Discussion in 'The Rehearsal Room' started by nethers, Mar 18, 2010.
Lol - and I NEVER lol!
i agree with all 4??!!
nothing wrong moving parts but at the same time if you don't play whats written i.e tempos, style etc you aint gonna get in the prizes??!!
Would like to vote Nethers, but I don't agree with blanket rules such as this (as per the other thread). In the 4th section, all rules should apply, in the championship section none should lol
Sorry I'm not straightforwartd
I don't think you should really cheat....You wouldn't (or shouldn't) cheat in the Olympics, for example, so why cheat in a brass band contest?
Is it really cheating or just creative teamwork?
I'm now a little confused - how on earth is it cheating if it's not against the rules?
Now that is a very good point.
- Mr Wilx
How? Why? Don't quite follow your train of thought here.
If a voter can select more than one choice and, for example, votes for "Do whatever they can get away with to win" and "Stick faithfully to the scoring etc of the music", just because they can, it makes the figures rather meaningless. Or are we relying on everyone to be 'honest' and only select one option.
As things stand at the moment 43.56% of votes agree with "Do whatever they can get away with to win" and 77.92% disagree. As a mathematical simpleton, that doesn't make any sense to me.
I only cheat fairly
You can't say that the total of the other categories equals the amount that disagree with the one that you've selected. The fact that you can choose more than one category invalidates that logical step.
What we have:
A number of voters (currently 166). A division of the votes cast for each category (currently totalling 201). A division of the number of voters that have voted for each category (currently totalling 129.07%).
The discrepancy between the number of voters and the number of votes cast is explained by the ability to vote for more than one option, the options not being mutually exclusive. This does look a little odd, as four of the options are pretty much mutually exclusive, with the "go to bar" option being a bit different - presumably this was the option that suggested that more than one option should be selectable. However, it does make logical sense due to containing at least one option that can reasonably be used in combination with others.
What the fact that the percentage totals more than 100% tells us is that slightly more than 1 vote in 5 has been in addition to a first vote.
Where's the difficulty?
If more than one option can be selected, does that mean two, three, four or even all five of the options can be selected?

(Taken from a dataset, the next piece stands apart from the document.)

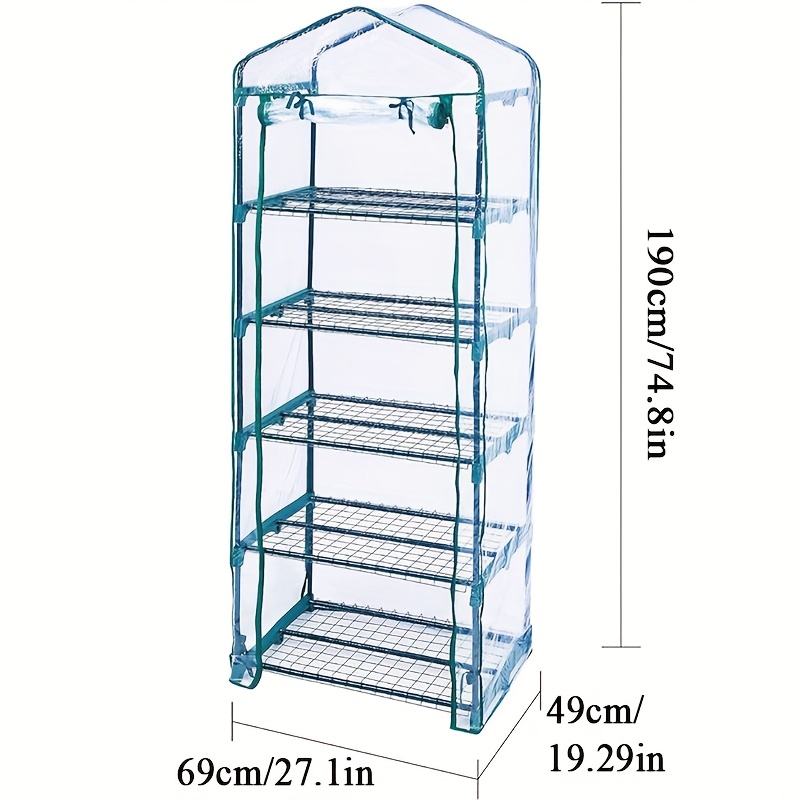 Rumah kaca mini 5 lantai untuk - Greenhouse Mini Indoor ulasan dan harga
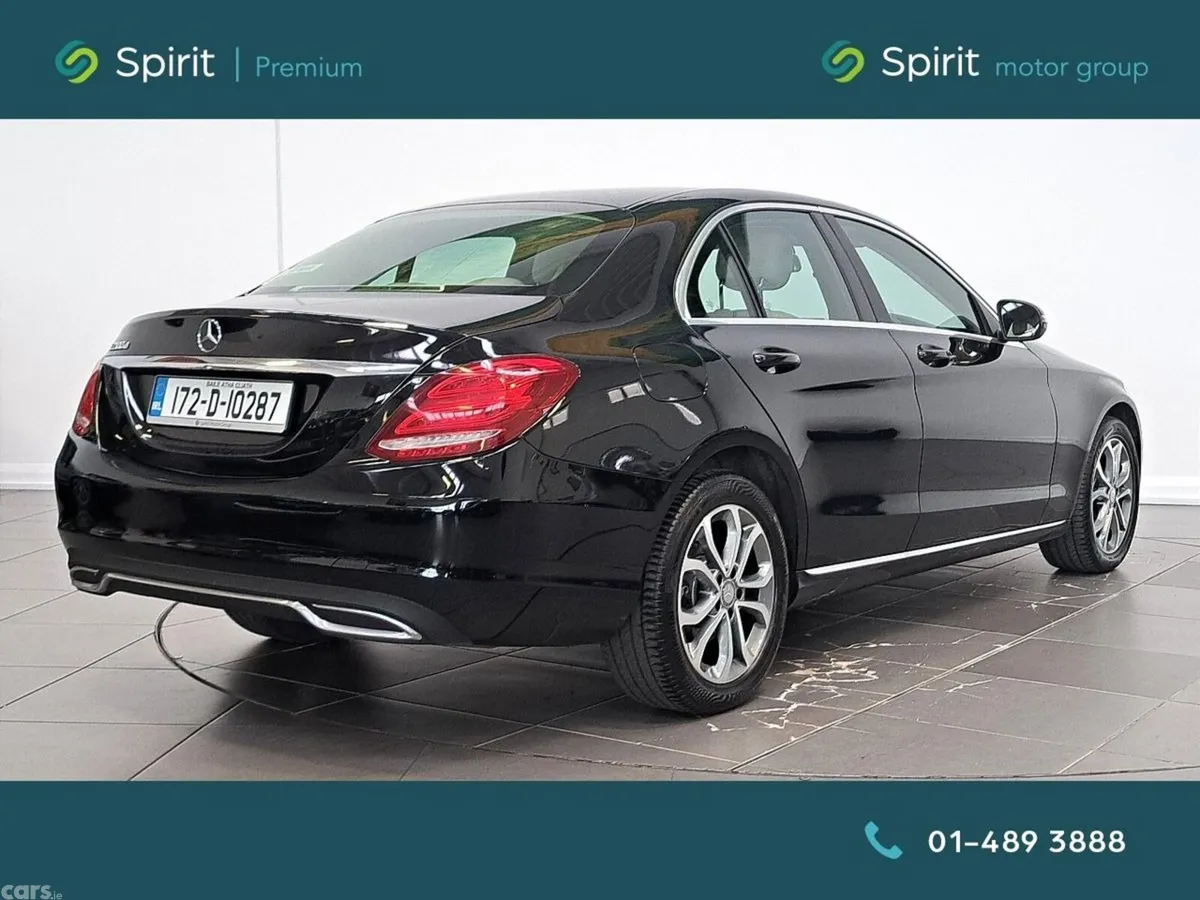 Mercedes-Benz C-Class Saloon, Diesel, 2017, Black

It cannot be presumed that only "go to the bar" plus one other option can be selected. What is there to stop "Do whatever" and "Stick faithfully" from being selected? Just because it wouldn't make sense doesn't mean that someone wouldn't do it, even if only to screw to results. Your logic only makes sense if all the voters behave logically, and there is certainly no guarantee of that.

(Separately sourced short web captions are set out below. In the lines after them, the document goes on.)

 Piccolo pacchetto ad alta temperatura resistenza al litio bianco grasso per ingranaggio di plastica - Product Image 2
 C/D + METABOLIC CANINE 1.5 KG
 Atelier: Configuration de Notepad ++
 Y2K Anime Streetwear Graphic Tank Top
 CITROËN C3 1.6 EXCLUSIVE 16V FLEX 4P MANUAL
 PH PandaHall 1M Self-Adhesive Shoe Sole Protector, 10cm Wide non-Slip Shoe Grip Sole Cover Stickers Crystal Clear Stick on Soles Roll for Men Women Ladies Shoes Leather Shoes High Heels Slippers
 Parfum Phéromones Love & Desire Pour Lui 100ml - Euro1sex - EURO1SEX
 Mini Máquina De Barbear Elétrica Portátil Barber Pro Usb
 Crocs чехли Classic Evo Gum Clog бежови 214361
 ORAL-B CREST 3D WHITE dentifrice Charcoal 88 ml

I haven't presumed that only a maximum of two options can be selected.
There's no guarantee that a single vote will be cast logically either, come to that.
Cheers MD, that summed it up much quicker than I was about to!
In fact, my logic was to allow people to split a vote - if they believe that they sit between a and b they could vote for both if they felt the need... maybe a bit pointless, but then I didn't put any great amount of thought in to things, my bad. There is still a lot going on in the main thread, maybe this vote could be run again (with lessons learnt) when that has wound down and has everyone has had their rant.
The point remains that in a lot of serious statistical work 'select more than one answer' is fine, even with fairly exclusive answers. It isn't used much in the media though because people get confused and upset if the numbers don't easily add up to 100.
Maybe the poll should have included boxes to include some of the devices the Leyburn Band Conductor has used to score at contests; standing regular players down and shipping in pals from higher grade bands, drowning most of the playing errors out with a huge percussion sound, and, this week, persuading an adjudicator to allow a huge over-run without consulting the Secretary/Organiser of the competition. I guess you can tell I am one of the boring "stick to the rules" players. Wouldn't it be fairer to everyone if the musical lowlife who engage in sharp practice were just disqualified on the spot ?.